[[ Records shown, beginning ]]

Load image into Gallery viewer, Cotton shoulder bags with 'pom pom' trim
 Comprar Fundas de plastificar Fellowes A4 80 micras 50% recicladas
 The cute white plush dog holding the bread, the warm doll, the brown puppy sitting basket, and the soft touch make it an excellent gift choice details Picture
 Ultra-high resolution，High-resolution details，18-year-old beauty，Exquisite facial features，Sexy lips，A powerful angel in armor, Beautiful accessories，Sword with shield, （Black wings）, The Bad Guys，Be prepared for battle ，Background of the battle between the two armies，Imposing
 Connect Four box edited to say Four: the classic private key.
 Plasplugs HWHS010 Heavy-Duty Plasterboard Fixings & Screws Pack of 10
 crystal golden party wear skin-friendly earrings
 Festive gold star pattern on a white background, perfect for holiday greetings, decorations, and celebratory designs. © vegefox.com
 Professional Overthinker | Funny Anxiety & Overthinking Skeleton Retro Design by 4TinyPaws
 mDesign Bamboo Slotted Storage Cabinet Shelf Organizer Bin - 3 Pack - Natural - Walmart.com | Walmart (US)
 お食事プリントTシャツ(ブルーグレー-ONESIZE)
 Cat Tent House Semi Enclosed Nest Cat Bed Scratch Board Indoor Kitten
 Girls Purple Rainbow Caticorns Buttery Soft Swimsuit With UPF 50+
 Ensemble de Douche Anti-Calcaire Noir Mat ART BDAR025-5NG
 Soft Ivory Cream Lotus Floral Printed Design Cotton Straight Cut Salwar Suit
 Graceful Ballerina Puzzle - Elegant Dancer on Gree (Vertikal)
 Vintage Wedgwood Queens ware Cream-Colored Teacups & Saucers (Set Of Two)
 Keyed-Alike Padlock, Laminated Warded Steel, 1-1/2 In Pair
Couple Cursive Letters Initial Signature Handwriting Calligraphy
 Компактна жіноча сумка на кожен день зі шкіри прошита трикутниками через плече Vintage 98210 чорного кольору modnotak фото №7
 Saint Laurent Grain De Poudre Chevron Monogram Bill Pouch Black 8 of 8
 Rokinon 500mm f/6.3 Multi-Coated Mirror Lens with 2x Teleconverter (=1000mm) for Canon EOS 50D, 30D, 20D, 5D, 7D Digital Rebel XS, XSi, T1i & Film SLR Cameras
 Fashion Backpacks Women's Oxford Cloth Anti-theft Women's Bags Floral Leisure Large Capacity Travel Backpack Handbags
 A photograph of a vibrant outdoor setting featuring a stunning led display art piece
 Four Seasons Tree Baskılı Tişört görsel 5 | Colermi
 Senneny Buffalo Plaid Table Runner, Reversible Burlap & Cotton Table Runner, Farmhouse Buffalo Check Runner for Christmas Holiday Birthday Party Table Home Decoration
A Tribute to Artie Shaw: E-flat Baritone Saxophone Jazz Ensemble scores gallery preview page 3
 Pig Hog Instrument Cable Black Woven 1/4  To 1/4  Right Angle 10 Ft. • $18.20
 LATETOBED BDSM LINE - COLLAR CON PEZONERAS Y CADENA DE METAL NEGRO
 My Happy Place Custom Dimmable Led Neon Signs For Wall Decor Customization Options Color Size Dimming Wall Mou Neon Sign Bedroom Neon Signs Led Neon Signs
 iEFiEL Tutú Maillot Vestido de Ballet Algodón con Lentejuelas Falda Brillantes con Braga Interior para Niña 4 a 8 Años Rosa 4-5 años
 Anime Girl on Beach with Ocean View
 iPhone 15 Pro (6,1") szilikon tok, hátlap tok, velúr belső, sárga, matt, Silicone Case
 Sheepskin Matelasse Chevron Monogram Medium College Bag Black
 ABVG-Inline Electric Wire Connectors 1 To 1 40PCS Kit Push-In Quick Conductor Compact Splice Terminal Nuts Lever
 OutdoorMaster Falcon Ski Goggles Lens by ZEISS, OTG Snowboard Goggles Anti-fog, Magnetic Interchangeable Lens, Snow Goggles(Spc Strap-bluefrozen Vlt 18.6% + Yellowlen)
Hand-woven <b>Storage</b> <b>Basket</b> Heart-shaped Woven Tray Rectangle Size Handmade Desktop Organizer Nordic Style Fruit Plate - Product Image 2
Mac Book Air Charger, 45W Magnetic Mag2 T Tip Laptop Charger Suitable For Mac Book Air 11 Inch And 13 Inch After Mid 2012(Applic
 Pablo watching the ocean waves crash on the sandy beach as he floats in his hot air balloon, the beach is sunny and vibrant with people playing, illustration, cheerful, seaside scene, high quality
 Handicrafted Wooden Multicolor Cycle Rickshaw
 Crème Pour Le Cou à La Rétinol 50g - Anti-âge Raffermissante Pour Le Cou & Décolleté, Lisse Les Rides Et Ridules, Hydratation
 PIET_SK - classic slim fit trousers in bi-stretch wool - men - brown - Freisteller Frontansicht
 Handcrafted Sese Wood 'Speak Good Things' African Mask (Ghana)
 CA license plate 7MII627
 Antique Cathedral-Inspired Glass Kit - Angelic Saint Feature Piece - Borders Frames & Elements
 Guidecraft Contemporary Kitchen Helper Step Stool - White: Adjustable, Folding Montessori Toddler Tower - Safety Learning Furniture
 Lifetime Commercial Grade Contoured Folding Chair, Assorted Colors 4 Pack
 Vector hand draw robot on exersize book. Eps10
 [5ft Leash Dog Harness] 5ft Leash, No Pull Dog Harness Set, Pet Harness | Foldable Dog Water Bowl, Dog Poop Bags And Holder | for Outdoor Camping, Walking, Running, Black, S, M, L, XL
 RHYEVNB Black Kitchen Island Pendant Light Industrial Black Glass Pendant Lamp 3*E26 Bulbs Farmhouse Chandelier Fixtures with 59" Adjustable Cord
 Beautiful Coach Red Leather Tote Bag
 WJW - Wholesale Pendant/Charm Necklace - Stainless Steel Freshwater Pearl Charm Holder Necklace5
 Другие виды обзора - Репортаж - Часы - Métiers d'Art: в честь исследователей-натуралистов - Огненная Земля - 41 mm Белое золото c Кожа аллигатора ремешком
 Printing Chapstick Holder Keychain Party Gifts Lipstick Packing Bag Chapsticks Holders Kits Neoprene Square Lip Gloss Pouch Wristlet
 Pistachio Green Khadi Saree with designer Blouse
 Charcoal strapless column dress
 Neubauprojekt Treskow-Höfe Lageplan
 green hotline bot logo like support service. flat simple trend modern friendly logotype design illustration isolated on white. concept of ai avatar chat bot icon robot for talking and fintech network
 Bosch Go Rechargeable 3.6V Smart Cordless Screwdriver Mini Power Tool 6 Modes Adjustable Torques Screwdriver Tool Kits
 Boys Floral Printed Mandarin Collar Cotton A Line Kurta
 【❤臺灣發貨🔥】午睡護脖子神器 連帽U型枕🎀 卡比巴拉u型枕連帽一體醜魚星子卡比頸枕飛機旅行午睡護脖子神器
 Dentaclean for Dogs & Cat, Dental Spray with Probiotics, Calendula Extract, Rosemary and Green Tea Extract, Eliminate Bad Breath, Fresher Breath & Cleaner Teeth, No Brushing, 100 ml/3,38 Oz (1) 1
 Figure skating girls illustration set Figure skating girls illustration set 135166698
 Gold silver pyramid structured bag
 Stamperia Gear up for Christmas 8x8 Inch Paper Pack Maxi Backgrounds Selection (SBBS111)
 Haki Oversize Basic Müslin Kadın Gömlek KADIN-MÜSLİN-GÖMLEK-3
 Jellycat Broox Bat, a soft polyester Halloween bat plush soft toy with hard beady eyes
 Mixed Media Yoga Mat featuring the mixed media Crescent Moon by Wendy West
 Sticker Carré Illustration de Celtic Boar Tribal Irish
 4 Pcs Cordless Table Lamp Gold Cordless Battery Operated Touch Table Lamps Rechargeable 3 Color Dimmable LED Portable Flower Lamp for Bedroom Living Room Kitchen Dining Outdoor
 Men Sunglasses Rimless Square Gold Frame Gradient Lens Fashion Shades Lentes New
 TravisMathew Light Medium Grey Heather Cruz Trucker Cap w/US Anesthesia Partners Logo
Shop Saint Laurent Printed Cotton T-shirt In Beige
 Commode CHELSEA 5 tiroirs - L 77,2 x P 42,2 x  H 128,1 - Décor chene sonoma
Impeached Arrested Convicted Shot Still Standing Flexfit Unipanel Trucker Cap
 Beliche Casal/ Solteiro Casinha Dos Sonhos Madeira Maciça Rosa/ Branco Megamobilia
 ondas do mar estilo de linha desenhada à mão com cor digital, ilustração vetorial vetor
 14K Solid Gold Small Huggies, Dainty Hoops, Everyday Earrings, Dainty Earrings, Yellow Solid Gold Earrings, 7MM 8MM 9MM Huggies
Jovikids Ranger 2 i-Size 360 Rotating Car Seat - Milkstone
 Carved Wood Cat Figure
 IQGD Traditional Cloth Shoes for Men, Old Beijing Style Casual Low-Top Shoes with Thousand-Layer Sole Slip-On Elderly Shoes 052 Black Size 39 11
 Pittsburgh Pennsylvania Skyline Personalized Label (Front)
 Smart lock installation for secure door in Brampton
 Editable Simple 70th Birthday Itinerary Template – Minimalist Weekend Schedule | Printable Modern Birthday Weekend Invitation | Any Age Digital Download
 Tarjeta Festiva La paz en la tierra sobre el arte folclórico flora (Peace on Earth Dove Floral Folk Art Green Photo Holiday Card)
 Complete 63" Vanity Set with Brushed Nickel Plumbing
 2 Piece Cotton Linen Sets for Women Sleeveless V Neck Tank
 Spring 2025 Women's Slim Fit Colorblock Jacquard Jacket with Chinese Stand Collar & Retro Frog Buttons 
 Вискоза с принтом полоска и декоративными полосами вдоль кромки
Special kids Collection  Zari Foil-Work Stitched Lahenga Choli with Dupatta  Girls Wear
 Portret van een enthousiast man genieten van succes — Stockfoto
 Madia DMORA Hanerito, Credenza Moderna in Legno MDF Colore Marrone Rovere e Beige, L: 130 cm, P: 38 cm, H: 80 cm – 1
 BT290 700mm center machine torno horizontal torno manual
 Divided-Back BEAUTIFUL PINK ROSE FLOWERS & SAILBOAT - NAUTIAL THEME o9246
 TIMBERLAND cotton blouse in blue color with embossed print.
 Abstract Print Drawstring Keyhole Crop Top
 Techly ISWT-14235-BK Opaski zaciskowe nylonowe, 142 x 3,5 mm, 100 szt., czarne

[[ Records shown, end ]]

## Your goal
Print the lines above from the one with "Pistachio Green Khadi" through the one with "ondas do mar", both included, exactly as written and nothing more.

## Reply to the exercise
 Pistachio Green Khadi Saree with designer Blouse
 Charcoal strapless column dress
 Neubauprojekt Treskow-Höfe Lageplan
 green hotline bot logo like support service. flat simple trend modern friendly logotype design illustration isolated on white. concept of ai avatar chat bot icon robot for talking and fintech network
 Bosch Go Rechargeable 3.6V Smart Cordless Screwdriver Mini Power Tool 6 Modes Adjustable Torques Screwdriver Tool Kits
 Boys Floral Printed Mandarin Collar Cotton A Line Kurta
 【❤臺灣發貨🔥】午睡護脖子神器 連帽U型枕🎀 卡比巴拉u型枕連帽一體醜魚星子卡比頸枕飛機旅行午睡護脖子神器
 Dentaclean for Dogs & Cat, Dental Spray with Probiotics, Calendula Extract, Rosemary and Green Tea Extract, Eliminate Bad Breath, Fresher Breath & Cleaner Teeth, No Brushing, 100 ml/3,38 Oz (1) 1
 Figure skating girls illustration set Figure skating girls illustration set 135166698
 Gold silver pyramid structured bag
 Stamperia Gear up for Christmas 8x8 Inch Paper Pack Maxi Backgrounds Selection (SBBS111)
 Haki Oversize Basic Müslin Kadın Gömlek KADIN-MÜSLİN-GÖMLEK-3
 Jellycat Broox Bat, a soft polyester Halloween bat plush soft toy with hard beady eyes
 Mixed Media Yoga Mat featuring the mixed media Crescent Moon by Wendy West
 Sticker Carré Illustration de Celtic Boar Tribal Irish
 4 Pcs Cordless Table Lamp Gold Cordless Battery Operated Touch Table Lamps Rechargeable 3 Color Dimmable LED Portable Flower Lamp for Bedroom Living Room Kitchen Dining Outdoor
 Men Sunglasses Rimless Square Gold Frame Gradient Lens Fashion Shades Lentes New
 TravisMathew Light Medium Grey Heather Cruz Trucker Cap w/US Anesthesia Partners Logo
Shop Saint Laurent Printed Cotton T-shirt In Beige
 Commode CHELSEA 5 tiroirs - L 77,2 x P 42,2 x  H 128,1 - Décor chene sonoma
Impeached Arrested Convicted Shot Still Standing Flexfit Unipanel Trucker Cap
 Beliche Casal/ Solteiro Casinha Dos Sonhos Madeira Maciça Rosa/ Branco Megamobilia
 ondas do mar estilo de linha desenhada à mão com cor digital, ilustração vetorial vetor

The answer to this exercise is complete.